Aim of the exercise = Down to the final line, write out the material beneath exactly, without pictures.

Source data =
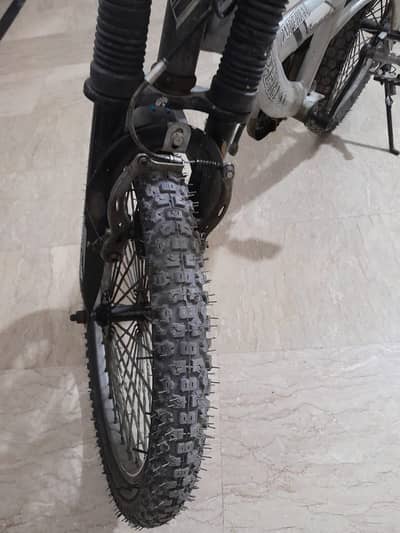 Good condition with zero meter tyres.
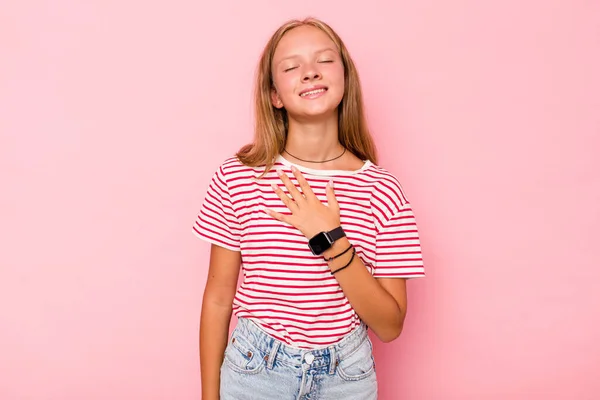 Λευκή Έφηβη Κοπέλα Απομονωμένη Ροζ Φόντο Γελάει Δυνατά Κρατώντας Χέρι — Φωτογραφία Αρχείου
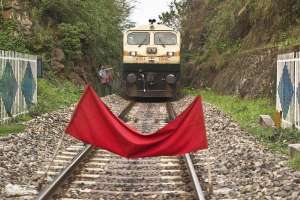 热死了(高温飙50度火车车厢“没冷气”悚变烤箱 印度4人活活热死)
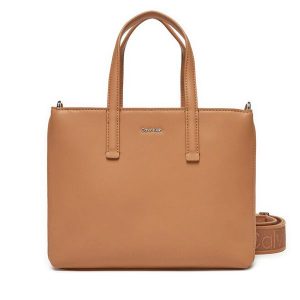 Torebka Calvin Klein. Brązowe torebki klasyczne Calvin Klein, bez wzorów, bez dodatków. Za 299,99 zł.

Output of the exercise =
 Good condition with zero meter tyres.
 Λευκή Έφηβη Κοπέλα Απομονωμένη Ροζ Φόντο Γελάει Δυνατά Κρατώντας Χέρι — Φωτογραφία Αρχείου
 热死了(高温飙50度火车车厢“没冷气”悚变烤箱 印度4人活活热死)
 Torebka Calvin Klein. Brązowe torebki klasyczne Calvin Klein, bez wzorów, bez dodatków. Za 299,99 zł.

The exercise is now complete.